The farm bill gave retroactive coverage to farmers and ranchers who took heavy losses in the October blizzard. But it didn't automatically mean the money would flow quickly. After a push from South Dakota lawmakers and President Barack Obama to get disaster relief programs up and running quickly a top priority, the Department of Agriculture was able to accept applications within 60 days of the farm bill's passage. Under the last farm bill, which was enacted in 2008, it took more than a year to restore expired programs and begin taking applications.
SMALL FARM SAFETY
Lawmakers pushed back aggressively when they thought the Obama administration was considering increasing its regulations on small farm operations. After fierce pushback, they received assurances in February that the Occupation Safety and Health Administration had no such plans. Since 1976, Congress has categorically forbidden OSHA from regulating small farms. But Department of Labor action in 2011 appeared to open the door to doing just that. The U.S. Department of Labor announced that it was withdrawing the memo to avoid any confusion and clarified that the memo was never meant to change longstanding policy.

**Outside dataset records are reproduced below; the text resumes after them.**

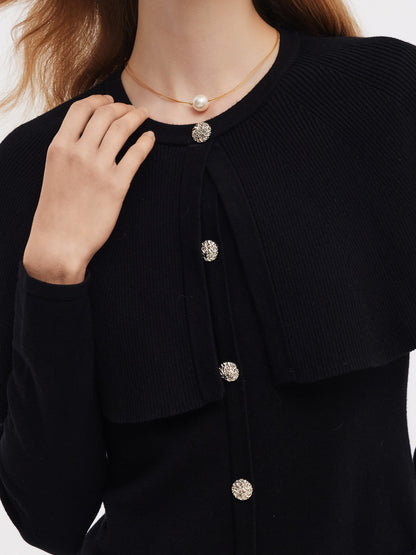 Tencel Blend Capelet Women Knit Mini Dress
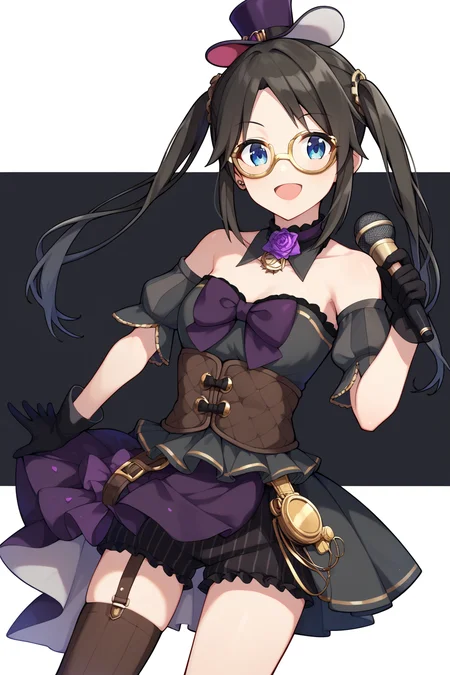score_9, score_8_up, score_7_up, source_anime,  <lora:mitsumine_yuika_XL:0.9>, yuikamitsumine, 1girl, solo, black hair, long hair, twintails, top hat, mini top hat, mini hat, goggles on headwear, blue eyes, monocle, yellow-framed eyewear, gears, black dress, strapless dress, pleated dress, purple bow, detached sleeves, puffy sleeves, short sleeves, puffy short sleeves, black sleeves, vertical-striped sleeves, bare shoulders, detached collar, black collar, purple choker, frilled choker, neck flower, rose, brown corset, purple skirt, half-skirt, frilled skirt, black shorts, frilled shorts, vertical-striped shorts, brown thighhighs, vertical-striped thighhighs, single thighhigh, single garter strap, underbust, black gloves, shorts under skirt, shorts under dress, pocket watch, microphone, holding microphone, looking at viewer, open mouth, cowboy shot, stage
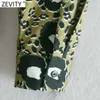 Zevity Women Vintage Turn Down Collar Leopard Print Bow Tie Tie Sashes Koszula Sukienka Femme Z Długim Rękawem Casual Slim Midi Vestido DS4945 210603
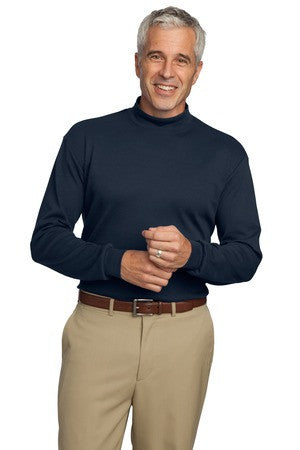 Port Authority Interlock Knit Mock Turtleneck.  K321 Navy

South Dakotans can continue to use Missouri River water free of charge after all. The Army Corps of Engineers had floated a proposal that would have levied a fee for use of water from the river and its reservoirs. But South Dakota lawmakers joined with others from neighboring states to push back against the proposal. When Congress approved a massive water projects bill in May, it included language that expressly forbids the Corps from any proposal that charges for river water for at least 10 years.
END OF AN ERA
Democratic Sen. Tim Johnson will return to Washington after the summer break and again after November's elections. But the man first elected to the U.S. House of Representatives in 1986 has just about wrapped up his work in Congress. South Dakotans will elect a new senator in November - choosing between Republican Mike Rounds, a former governor, Democrat Rick Weiland, a businessman and former staffer for Sen. Tom Daschle, and independent candidate Larry Pressler, who served South Dakota in Congress as a Republican representative and senator. Johnson, who will finish his Senate term while serving as chairman of the Senate Banking Committee, announced in March 2013 that he wouldn't seek another term. Rounds is favored to win the seat.